Now though, for about NZ$1000 I can try a Mac and see if I like the platform. Use it for everything except my video editing and keep my PC for that. Although I'd love to try FCP......
Can't wait to see how thing work out for you Bryan.
January 22nd, 2005, 08:48 AM
Looks like you may have to wait a little longer for that mini...http://www.thestreet.com/_yahoo/tech/hardware/10204618.html?cm_ven=YAHOO&cm_cat=FREE&cm_ite=NAOrders placed on the company's Web site for the Mac mini may take three to four weeks to ship, the company warns.
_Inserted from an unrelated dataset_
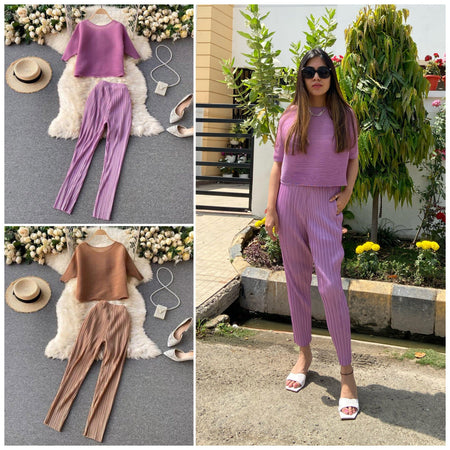 Code 1 - Stacy Luxury Coord Set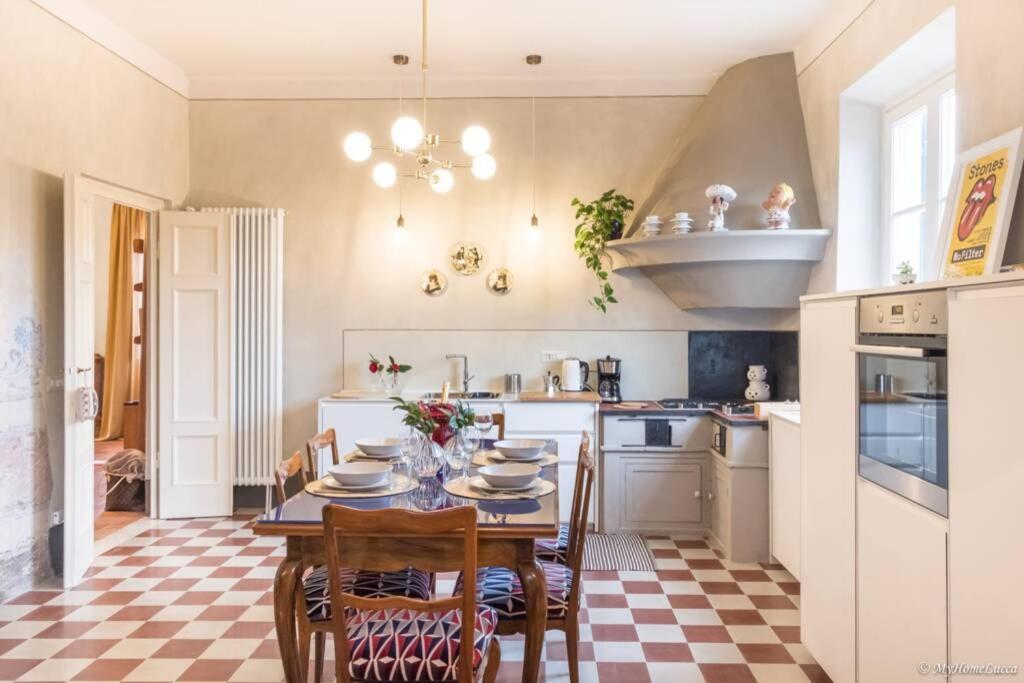 Casa Maria - Attico Di Lusso Vicino Alle Mura Lucca Kültér fotó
January 22nd, 2005, 11:24 AM
Another point to be made is the portability benefits. I can think of at least 10 w/o trying . To have a whole inprocess or finished project in that form factor has alot of potential . Everyone I know has a 19" monitor in their home or office . It's about half of the weight of a 17" LT and alot easier to carry , not to mention the price . Also , usually carrying DT's across international borders is a pain in the tuckus . For artists , art galleries , museums or anyone involved in video or digital photography for multimedia presentation , it's a jewel. Not to mention I can carry it in and out of Mexico without the aduana hitting me up for a bribe, I'll buy one in the next few months for sure! However, I'll probably run fce instead of pro . And who knows , maybe the new imovie will be sooo cool ( the less technology there is between the vision and the completion , the more perfect the work - my humble opinion ). But , I think if you want to run pro , your better off getting a new imac . If you don't need to expand and you can afford to put 1.5 or 2 gigs of ram in the imac , it also is the perfect high end machine - 2 grand with a 20" lcd . Yes the mini for video users WILL cost more than $500 - I'd buy the 80gig drive , airport and bluetooth and get at least 512 ram ( ram cost for this machine will come down fast and there will be good instruction on how to do it yourself ) I'd also bypass the superdrive and opt for a lacie dvd burner instead ( only $100 more )But the mini is going to be in my pocket soon . I predict they become so ubiquitous, they'll replace the dollar-Kurth
January 22nd, 2005, 03:42 PM
Hey Guys - well I tried to order one last week but it listed a Feb 14th ship date so I waited in line at my local MAC store (I felt awfully weird, like a traitor) early this morning and got one of around 20 -30 that were available (they sold out in the first rush of people after opening the doors!, I ended up getting the 1.4). Also, I installed the 1 gig of memory this afternoon which is not difficult, just a bit scary at first, it takes some force and tools. Anyways, my bday is tommorow so I'm going to be busy all today and tommorow so Monday, I'm going to give a proper review with pics and anecdotes etc. so stay tuned for that. - Just as a quick teaser though, I must say I'm very impressed, but more later ;) .
January 22nd, 2005, 09:32 PM
Great stuff Bryan - and Happy Birthday!